Bei der Beantwortung dieser Fragestellung wird folgendermaßen vorgegangen:

Zunächst wird unter (2.0) das Konzept des Cyber Terrorismus geklärt, um anschließend die potentielle Verwundbarkeit der westlichen Informationsgesellschaften durch den Cyber Terrorismus darzustellen.

Unter (3.0) wird diese potentielle Verwundbarkeit der Realität gegenübergestellt. Zunächst geschieht dies am Beispiel eines empirischen Falls von Cyber terrorism, des virtuellen Gazakriegs 2008-2009. An die Empirie schließt sich die Analyse der oben bereits erwähnten Szenarien an. Diese stellen sich bei näherem Betrachten als unrealistisch heraus.

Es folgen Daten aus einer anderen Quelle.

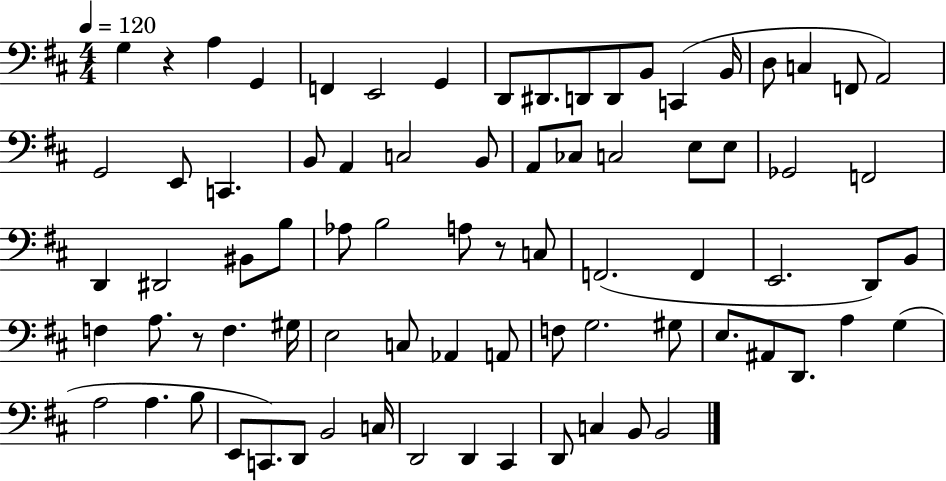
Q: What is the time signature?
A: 4/4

Anschließend werden unter (4.0) Gegenmaßnahmen vorgestellt, die von Internationalen Organisationen gegen Cyber Terrorismus auf konzeptioneller, organisatorischer und rechtlicher Ebene unternommen werden. Dies geschieht am Beispiel der NATO und des Europarats. Dabei stellt sich am Beispiel der NATO heraus, wie eine Bedrohungsanalyse, die die Gefahren des Cyber Terrorismus überschätzt zur Fehlallokation von intellektuellen und finanziellen Ressourcen durch neue Konzeptentwürfe und die Neugründung von Behörden führt, die den Cyber Terrorismus bekämpfen sollen. Der Europarat scheint dagegen die wirklichen Gefahren, die im Gebrauch des Internets durch Terroristen liegen – nämlich die Informationskriegsführung durch terroristische Gruppierungen - erkannt zu haben und begegnete ihnen mit zwei Konventionen, die vorgestellt werden.

Schließlich werden die Ergebnisse der Arbeit unter (5.0) zusammengefasst, die Fragestellung beantwortet und ein Fazit gezogen, zu dem auch Politikempfehlungen gehören.

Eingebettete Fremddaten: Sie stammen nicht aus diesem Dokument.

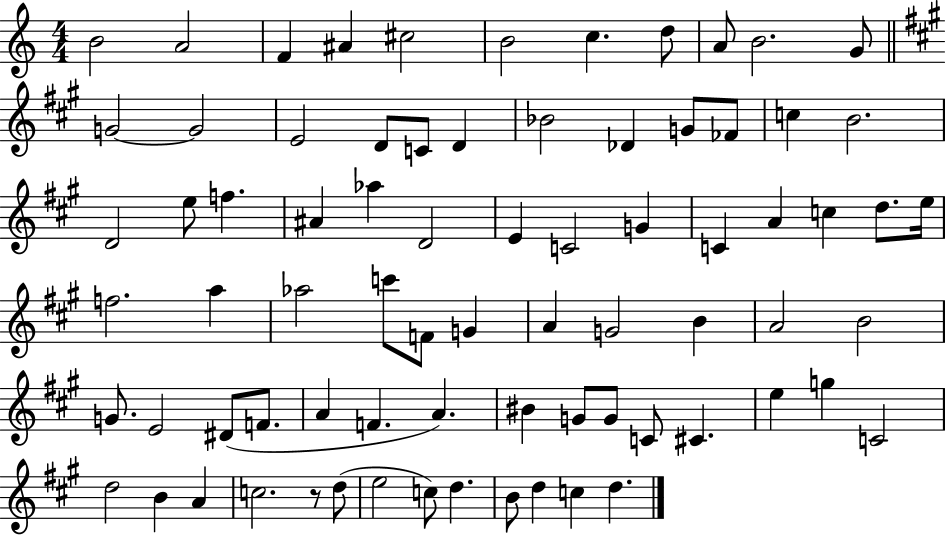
{
  \clef treble
  \numericTimeSignature
  \time 4/4
  \key c \major
  b'2 a'2 | f'4 ais'4 cis''2 | b'2 c''4. d''8 | a'8 b'2. g'8 | \break \bar "||" \break \key a \major g'2~~ g'2 | e'2 d'8 c'8 d'4 | bes'2 des'4 g'8 fes'8 | c''4 b'2. | \break d'2 e''8 f''4. | ais'4 aes''4 d'2 | e'4 c'2 g'4 | c'4 a'4 c''4 d''8. e''16 | \break f''2. a''4 | aes''2 c'''8 f'8 g'4 | a'4 g'2 b'4 | a'2 b'2 | \break g'8. e'2 dis'8( f'8. | a'4 f'4. a'4.) | bis'4 g'8 g'8 c'8 cis'4. | e''4 g''4 c'2 | \break d''2 b'4 a'4 | c''2. r8 d''8( | e''2 c''8) d''4. | b'8 d''4 c''4 d''4. | \break \bar "|."
}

2.0 Cyber terrorism: Die Verwundbarkeit der westlichen Informationsgesellschaften

2.1 Was ist Cyber terrorism?

Bevor der Frage nachgegangen werden kann, warum Cyber terrorism eine Bedrohung für die westlichen Informationsgesellschaften ist, sollte das Konzept des Cyber terrorism selbst erläutert werden. Wie bei vielen anderen Begriffen der Informations – und Telekommunikationstechnologien (IT) bleibt der Begriff oftmals – gerade in Massenmedien – diffus; in der wissenschaftlichen Diskussion machen unterschiedliche Definitionen die Runde.[5]

In dieser Arbeit wird unter Cyber terrorism die Zerstörung (destruction), Unterbrechung (disruption), oder Desinformation (desinformation) der digitalen Informationsressourcen (Netzwerke, Daten) unter Verwendung elektronischer Mittel[6] verstanden, die darauf abzielt, Regierungen oder Gesellschaften einzuschüchtern oder ihnen den eigenen politischen Willen aufzuzwingen.[7]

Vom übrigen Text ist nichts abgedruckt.